Baker has championed a more sustainable and just future throughout her career, which most recently included serving as the Senate-confirmed director of the Office of Energy Justice and Equity at the U.S. Department of Energy. She’s continuing that work now at U-M, building on its history and commitment to these issues, to empower the leaders of today and tomorrow through education, research and community engagement.

She joined the Michigan Minds podcast to discuss the opportunities and challenges that lie ahead.

Matt Davenport: Welcome to the Michigan Minds Podcast, where we explore the wealth of knowledge from faculty experts at the University of Michigan. I’m Matt Davenport, a science writer and public relations representative with Michigan News.

Just about a year ago, the university was formally announcing its strategic plan and guiding principles for the next 10 years to be the defining public university. Around these parts, that strategy is better known as Vision 2034. Sustainability and climate action are one of the impact areas of this vision, and to help realize our goals around these, the university created a new position, the Vice Provost of Sustainability and Climate Action.

Today, we have the first person to ever hold that title, Professor Shalanda Baker, to talk about the progress our community has made over the last year and about her outlook for the future. Thank you so much for joining us, vice provost Baker.

Shalanda Baker: I’m so happy to be here. Thank you.

Matt Davenport: Can you take us back to last summer, you’re getting ready to start here? For context, you were previously serving as the director of the Office of Energy Justice and Equity at the U.S. Department of Energy. What did you see happening at the university that made you decide that this was the next step you wanted to take in your career?

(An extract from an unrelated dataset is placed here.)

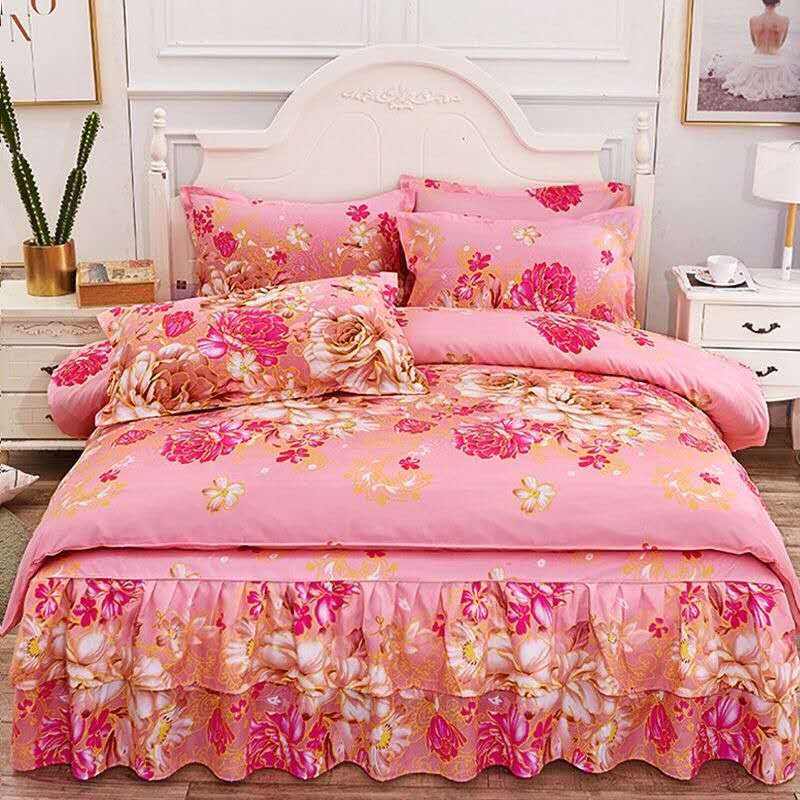 Duvet Cover Sets Fashion Soft Anti-Skip Bedspread Bed Skirt Queen King Size Fitted Sheet Cover for Home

Shalanda Baker: Yeah. So if I take you back to last summer, I was sleeping a lot, having held that job at the Department of Energy for about 42 months. So, I was there on day one, and prior to that, I was at Northeastern University, I was a professor of law and public policy. And so, in the administration I had the opportunity to really build out the nation’s architecture for energy justice. And the question I grappled with every day was, “How do we make our energy transition just and equitable?”

And so, when I was thinking about what might be next, I thought, “Surely returning to academia sounds great, and sounds very relaxing after this job, but academia also just holds such promise in terms of its reach.” And we encounter hundreds and thousands of students in academia every single day. We have the opportunity to leverage that contact to really impact the world and the trajectory of our planet.
It was a natural continuation for me to leverage the potential impact I could have through the classroom, through working with the best researchers in the world, and to be at a university that is willing to experiment, and has stated its ambition as being out front on issues of climate and sustainability. The more I learned about this place, the more I realized, “Oh wow, Michigan has some history in these areas and also wants to do more, and wants to really put its mark on this moment.”

Matt Davenport: What were your top priorities coming in? Obviously, you have to get settled and learn about the organization, but as far as your responsibilities as vice provost, what were you wanting to accomplish as your top priorities?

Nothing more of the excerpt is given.